Los Miradores de Darwin, en el fondo de la ría Deseado, un sitio que impactó al naturalista inglés.

TIERRAS DE DARWIN Puerto Deseado está situado sobre la ría Deseado, un brazo de mar que avanza sobre lo que fue antiguamente el lecho de un río. En tiempos antiquísimos ese río dejó de volcar sus aguas en el Atlántico, permitiendo el ingreso del mar para formar lo que hoy es una increíble reserva natural: hoy el tramo más interior de la ría –que se puede observar desde los Miradores de Darwin, es decir el punto hasta donde llegó el naturalista en su navegación por estas aguas– es el cauce generalmente seco del río, que forma un camino serpenteante de barro y pedregullo a lo largo de varios kilómetros, para luego ensancharse y cubrirse de un agua de color semiturquesa durante unos 30 kilómetros, hasta llegar a la boca de la ría, de unos siete kilómetros de ancho. Es posible, por lo tanto, navegar por la ría hacia el oeste y así llegar hasta los Miradores, si el curso de agua lo permite; la otra opción es ir por tierra, accediendo desde el norte o desde el sur.
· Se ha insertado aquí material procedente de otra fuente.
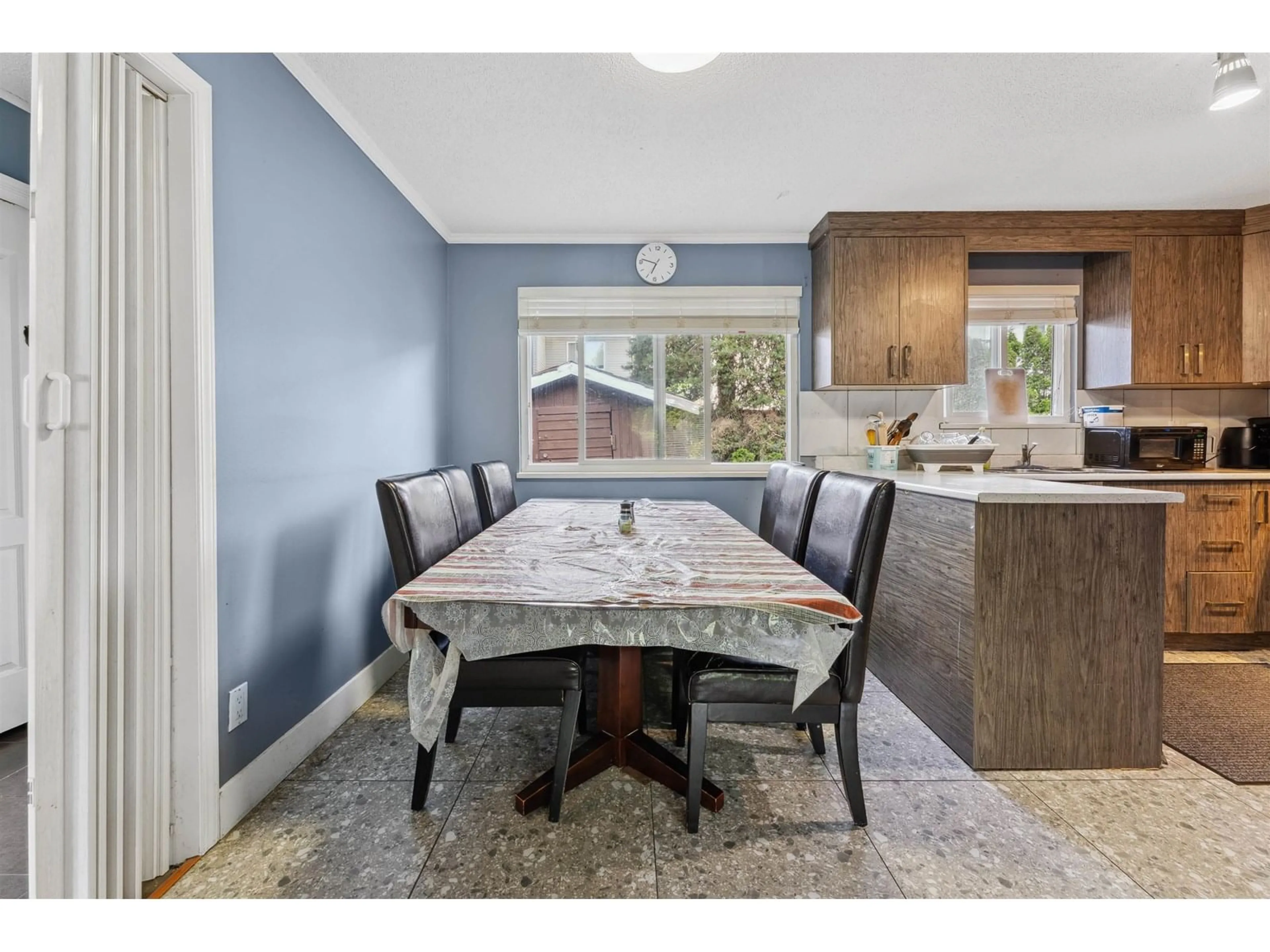 Dining room, ceramic/tile floor for 8632 MARGATE, Surrey British Columbia V3S5B3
Yendo por tierra, el acceso por el norte, que requiere pasar por la estancia Aurora, es la ruta más corta y tradicional. Pero a partir de este año las autoridades turísticas de Puerto Deseado y los prestadores de excursiones están explorando la apertura turística del camino por el sur, más largo pero también mucho más interesante, ya que permite llegar hasta el Paso Marsicano para recorrer a pie el puñado de kilómetros que llevan hasta los Miradores. Ese mismo tramo se puede recorrer en vehículos todo terreno, para vivir una experiencia tan inédita como imperdible: caminar por el lecho seco del río, al pie de los riscos y pináculos de pórfido que fascinaron a Darwin en su célebre relato de viajes. Como en los Sueños, de Kurosawa, el protagonista se metía en el campo de girasoles de Van Gogh, aquí uno puede entrar de lleno en el paisaje darwiniano, que es siempre igual y siempre distinto, porque el curso del agua puede modificarse levemente año tras año, dibujando su cinta de renovado misterio bajo un cielo de amplitud infinita. Esta futura excursión, que prevé un alto para un asado o un plato de carne al disco en la estancia El Triunfo, de la familia Feijóo, debe hacerse acompañado por los baqueanos de la estancia, que conocen al dedillo los inhóspitos terrenos laterales a la ría, donde a los recién llegados les resultaría fácil perderse. Además, son ellos quienes saben “leer” el paisaje y divisar de un solo vistazo la silueta movediza y mimetizada con el paisaje de los guanacos y choiques que se cruzan por doquier. Mucho se habla de los pumas, amenaza constante de los rebaños de ovejas de la región: y varios de los peones de la estancia cuentan historias de algún encuentro con el tigre sudamericano que le pone los pelos de punta a más de uno. Fauna aparte, en esta parte de los Miradores de Darwin nos espera una sorpresa: en las cuevas situadas a los costados de la ría, que es preciso conocer para identificar entre los murallones de piedra, se encuentran manos pintadas como en la célebre Cueva de las Manos del Cañadón del río Pinturas, también en Santa Cruz.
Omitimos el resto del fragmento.